Please repeat the entries word for word and keep the images out.

Captioned web images:
--*--

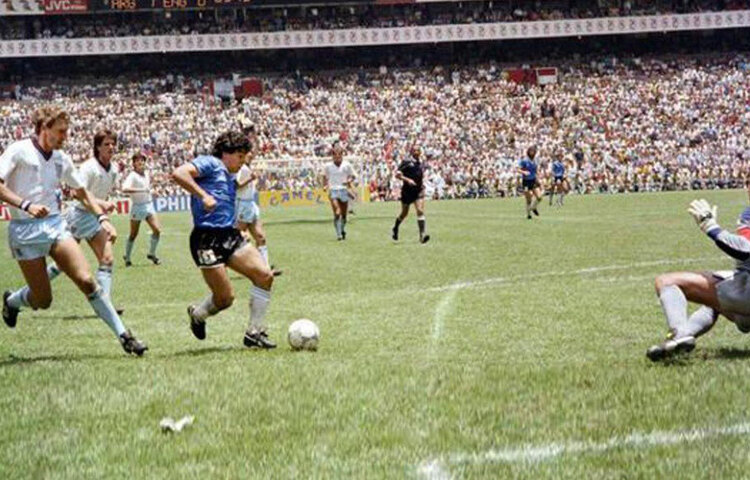 ১৯৮৬ সালের ফুটবল বিশ্বকাপ আর্জেন্টিনায় পৌঁছেছিল মারাদোনার পায়ের জাদুতে। ফাইনালে ৩-২ গোলে চূর্ণ হয়েছিল পশ্চিম জার্মানি। তার শোধ পরের ইটালি বিশ্বকাপে নিয়েছিল জার্মানরা। ফাইনালে ১-০ গোলে তাদের কাছে পরাজিত হয়েছিল ম্যারাডোনার দল।
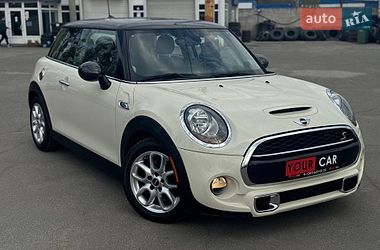 Хэтчбек MINI Cooper 2015 в Киеве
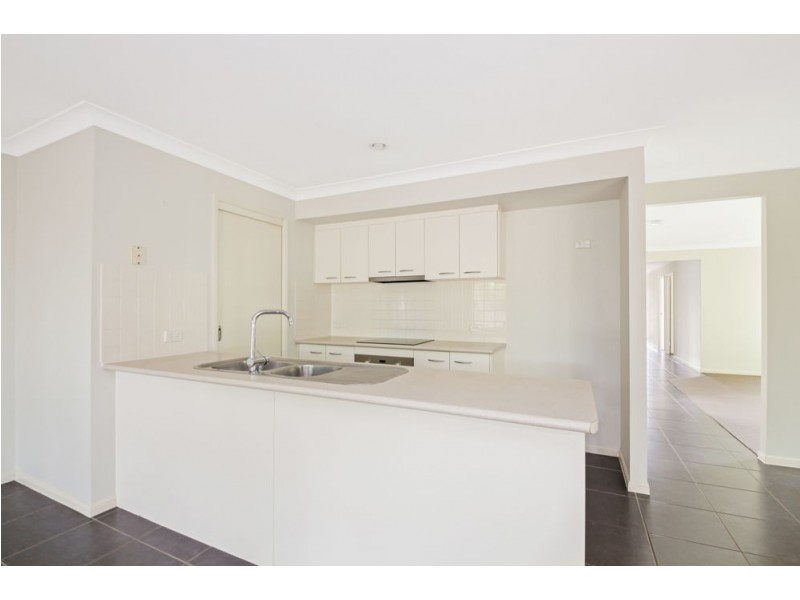 4 Jet Street, Upper Coomera QLD 4209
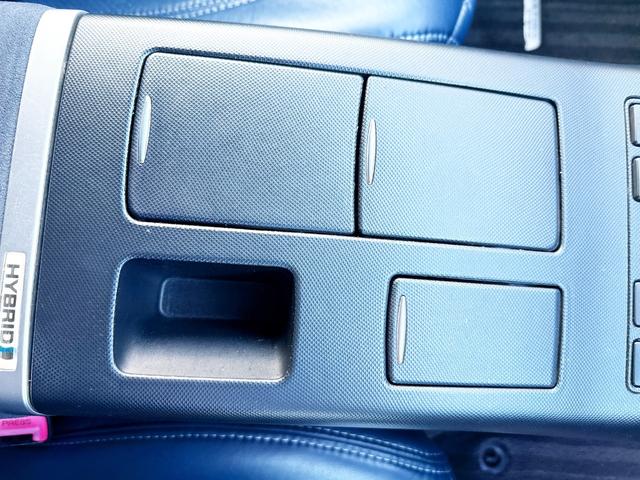 エスティマハイブリッド アエラス　４ＷＤ　本州仕入　寒冷地仕様　モデリスタエアロ　ムーンルーフ　両側パワースライドドア　社外ＳＤナビ　後席モニター　フルセグＴＶ　バックカメラ　プッシュスタート　スマートキー　クルコン　シートヒーター（34枚目）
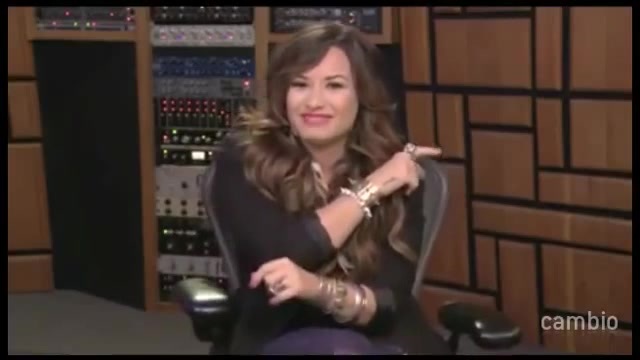 Live Chat w_ Demi Lovato 21 July 2011 Part 1 0147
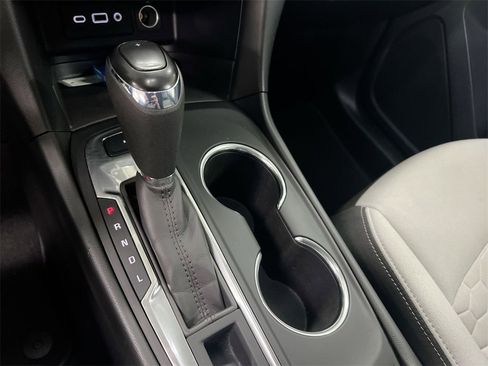 Used 2020 Chevrolet Equinox LT image 17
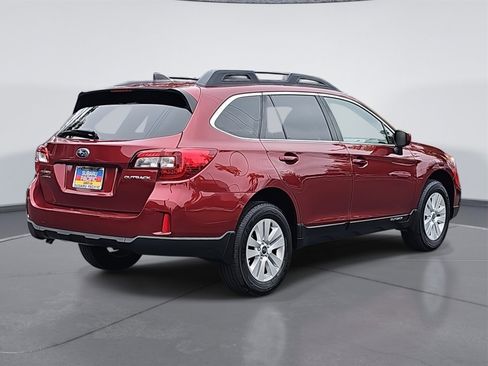 Used 2017 Subaru Outback 2.5i Premium image 3
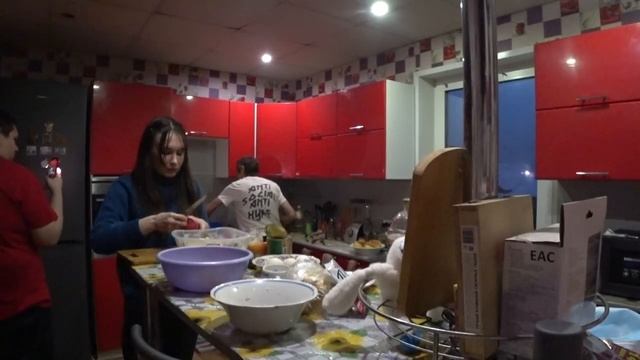 КУЛИНАРНЫЙ ПОЕДИНОК КАТЯ И РУСЛАН ПРОТЕВ БАТИ И МАТИ смотреть онлайн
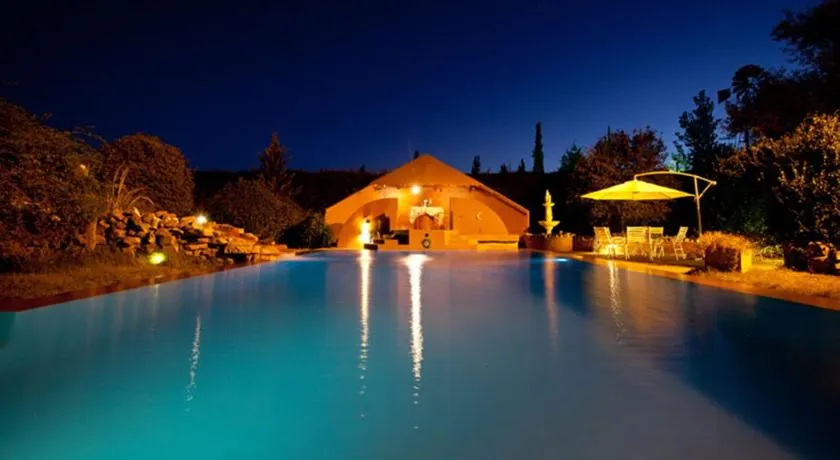 La Pilar Petit Chalets - Image 1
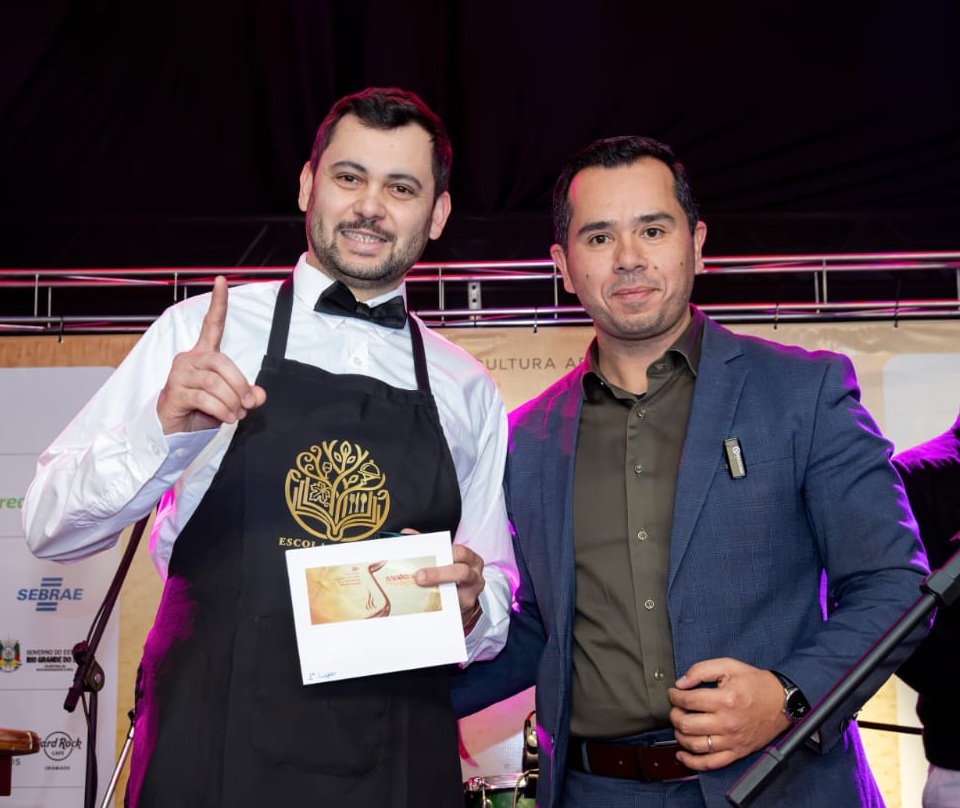 Festival de Cultura e Gastronomia de Gramado premia melhores profissionais de salão da região 1 Melhor profissional diego e eddie foto sergio - Acontece Gramado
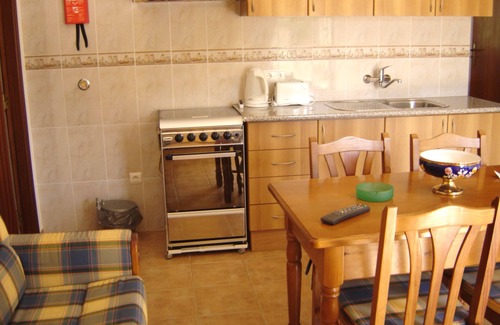 Monte Raposo Cottage | Casa Lima Reis - Maison calme pour 10 personnes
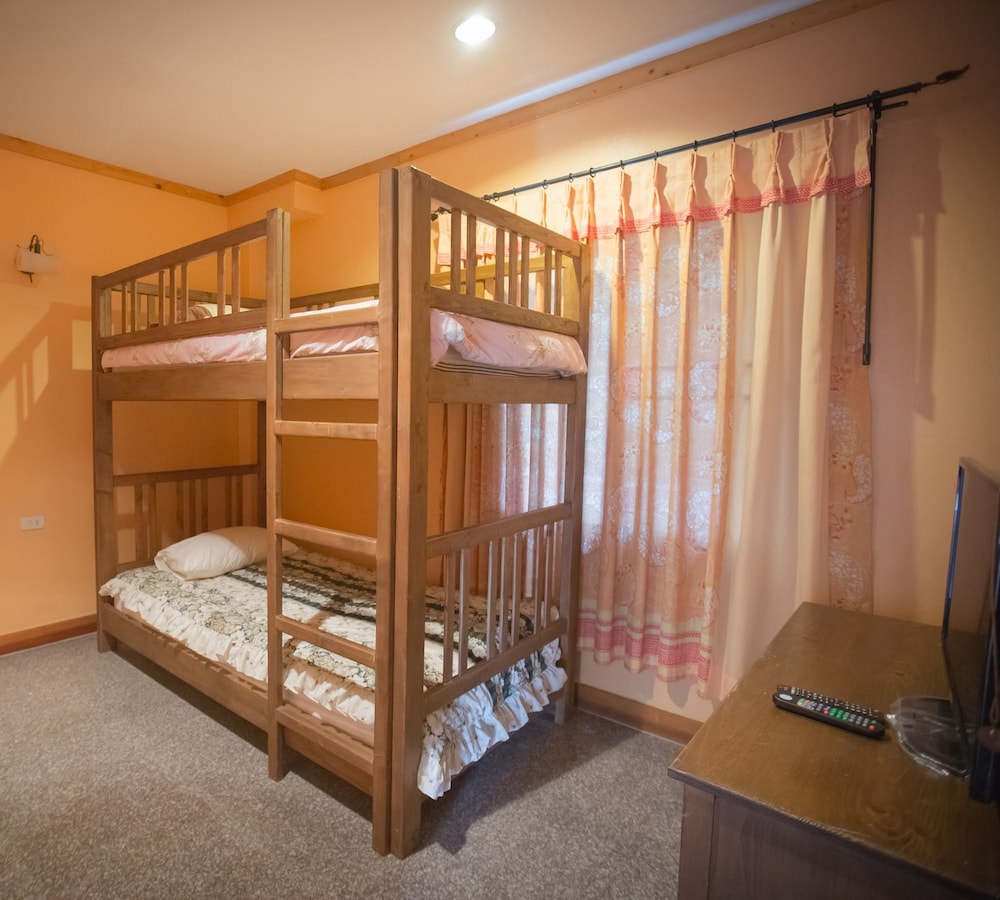 Family Room, 3 Bedrooms, Garden View, Garden Area photo 2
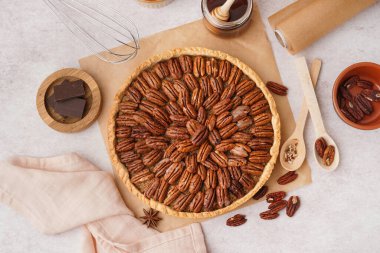 Hafif arka planda lezzetli cevizli turta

--*--

» Solution for this task
 ১৯৮৬ সালের ফুটবল বিশ্বকাপ আর্জেন্টিনায় পৌঁছেছিল মারাদোনার পায়ের জাদুতে। ফাইনালে ৩-২ গোলে চূর্ণ হয়েছিল পশ্চিম জার্মানি। তার শোধ পরের ইটালি বিশ্বকাপে নিয়েছিল জার্মানরা। ফাইনালে ১-০ গোলে তাদের কাছে পরাজিত হয়েছিল ম্যারাডোনার দল।
 Хэтчбек MINI Cooper 2015 в Киеве
 4 Jet Street, Upper Coomera QLD 4209
 エスティマハイブリッド アエラス　４ＷＤ　本州仕入　寒冷地仕様　モデリスタエアロ　ムーンルーフ　両側パワースライドドア　社外ＳＤナビ　後席モニター　フルセグＴＶ　バックカメラ　プッシュスタート　スマートキー　クルコン　シートヒーター（34枚目）
 Live Chat w_ Demi Lovato 21 July 2011 Part 1 0147
 Used 2020 Chevrolet Equinox LT image 17
 Used 2017 Subaru Outback 2.5i Premium image 3
 КУЛИНАРНЫЙ ПОЕДИНОК КАТЯ И РУСЛАН ПРОТЕВ БАТИ И МАТИ смотреть онлайн
 La Pilar Petit Chalets - Image 1
 Festival de Cultura e Gastronomia de Gramado premia melhores profissionais de salão da região 1 Melhor profissional diego e eddie foto sergio - Acontece Gramado
 Monte Raposo Cottage | Casa Lima Reis - Maison calme pour 10 personnes
 Family Room, 3 Bedrooms, Garden View, Garden Area photo 2
 Hafif arka planda lezzetli cevizli turta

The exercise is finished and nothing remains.